*** Block opens ***

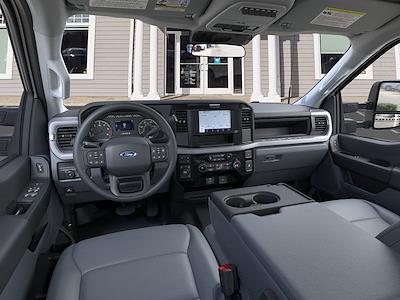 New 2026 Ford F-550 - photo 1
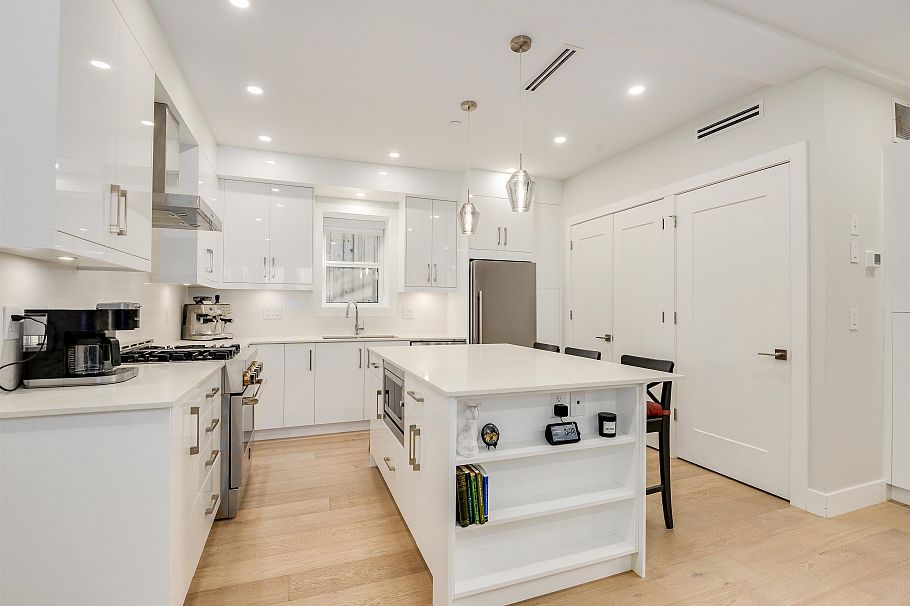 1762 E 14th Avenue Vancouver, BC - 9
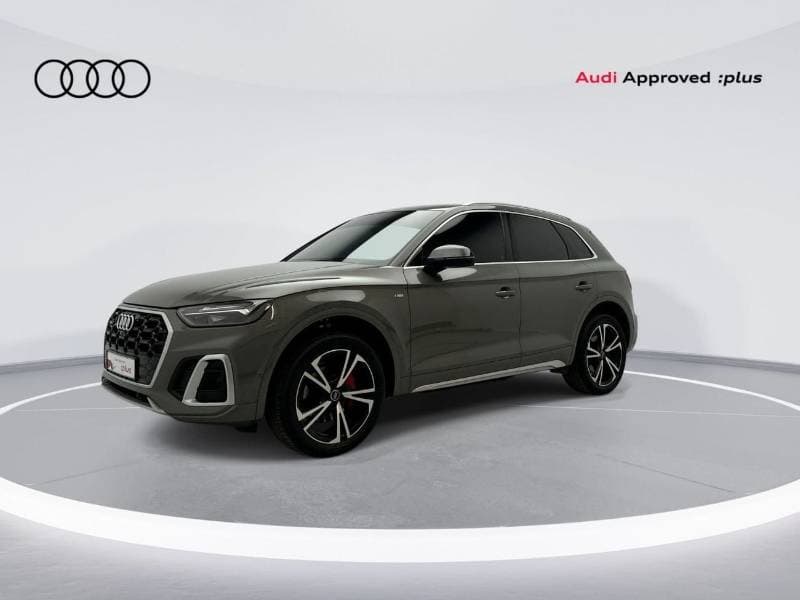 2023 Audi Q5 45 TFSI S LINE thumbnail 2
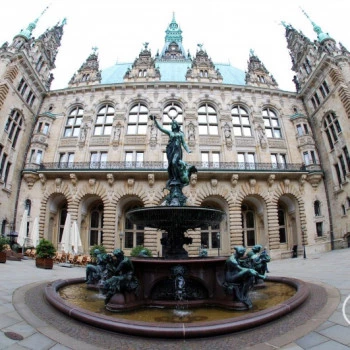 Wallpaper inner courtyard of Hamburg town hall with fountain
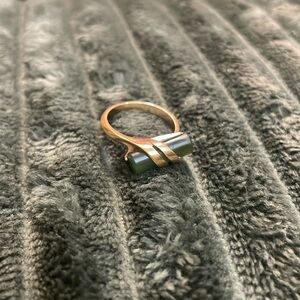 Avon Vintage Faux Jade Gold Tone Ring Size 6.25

*** Block closes ***
*** Block opens ***

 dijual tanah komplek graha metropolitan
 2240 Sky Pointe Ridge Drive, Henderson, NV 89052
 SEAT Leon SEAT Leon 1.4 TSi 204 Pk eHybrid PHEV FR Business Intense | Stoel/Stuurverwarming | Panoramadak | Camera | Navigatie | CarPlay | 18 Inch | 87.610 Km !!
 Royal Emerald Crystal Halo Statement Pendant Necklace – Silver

*** Block closes ***

→ Task item
From the entries above, copy exactly the lines starting at the one with "New 2026 Ford F-550 - photo 1" and stopping at the one with "Avon Vintage Faux", keeping both ends. Drop the pictures.

→ Solved exercise
 New 2026 Ford F-550 - photo 1
 1762 E 14th Avenue Vancouver, BC - 9
 2023 Audi Q5 45 TFSI S LINE thumbnail 2
 Wallpaper inner courtyard of Hamburg town hall with fountain
 Avon Vintage Faux Jade Gold Tone Ring Size 6.25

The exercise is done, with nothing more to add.